When you are choosing to link data between objects you are telling Blender that these objects share the same data. It's not just that when you edit one object Blender will edit the other object to match, it's that they both reference the same data.
To explain this further, imagine 3 objects, each with their own object data:

You can think of this as 6 units that Blender has to save: 3 object data blocks and 3 object blocks.
Now, if were were to link the data of these three objects it would look like this:

Now there are only 4 units Blender has to save: 1 object data block and 3 object blocks. Obviously, only having to save 4 instead of 6 blocks of data will result in a smaller file.
The more objects that share each other's data, the more memory is saved.

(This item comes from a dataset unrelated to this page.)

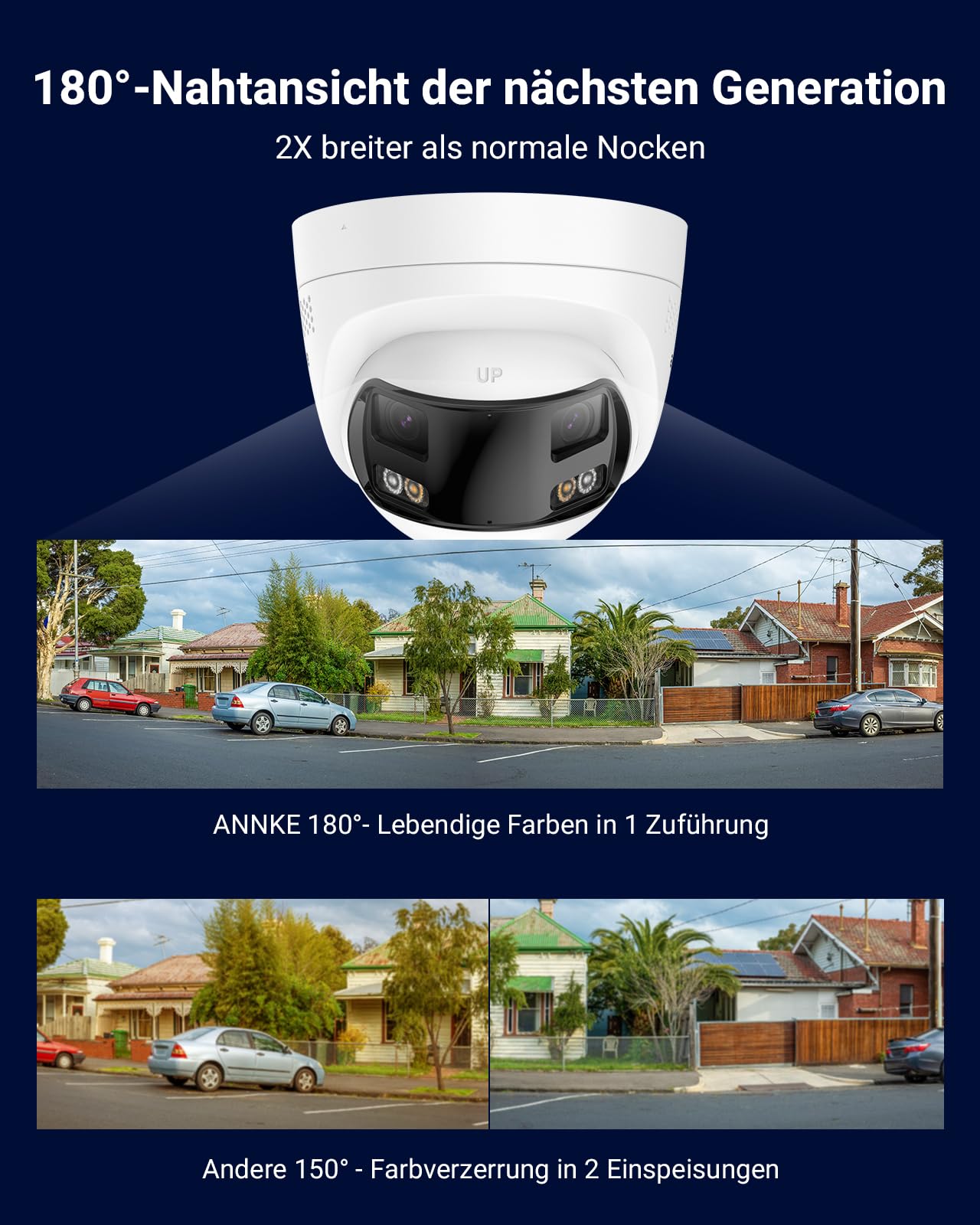 ANNKE FCD600 6MP Dual-Lens überwachungskamera aussen mit 180° Sichtwinkel, Outdoor IP-Kamera, Person/Fahrzeug-Erkennung, Farb-Nachtsicht, Zwei-Wege-Audio, 24/7 Aufzeichnung, IP67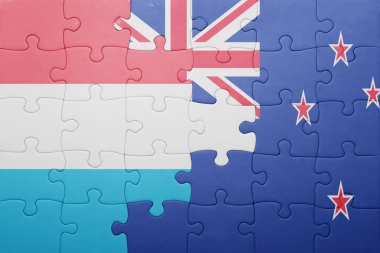 Lüksemburg ve Yeni Zelanda ulusal bayrak ile bulmaca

When objects that share data are joined, you can imagine Blender first separating all the data so each object has its own object data (like image 1) and then joining the objects together. Yes, that would result in only 2 data blocks (1 object and 1 object data), but the object data would now contain 3 times the number of vertices (from merging the 3 separate object data blocks), resulting in the file size going back up.
To summarise, if objects are using linked data, the data is shared so the file will be smaller, but when objects are joined, any memory sharing is lost as all vertices (and any other data) are joined into one object data block.
There shouldn't be any trouble with using linked data in another scene, the only issue that can occur is forgetting the object is linked, editing the object and then realising all the other objects have now been edited, which might have been unintended.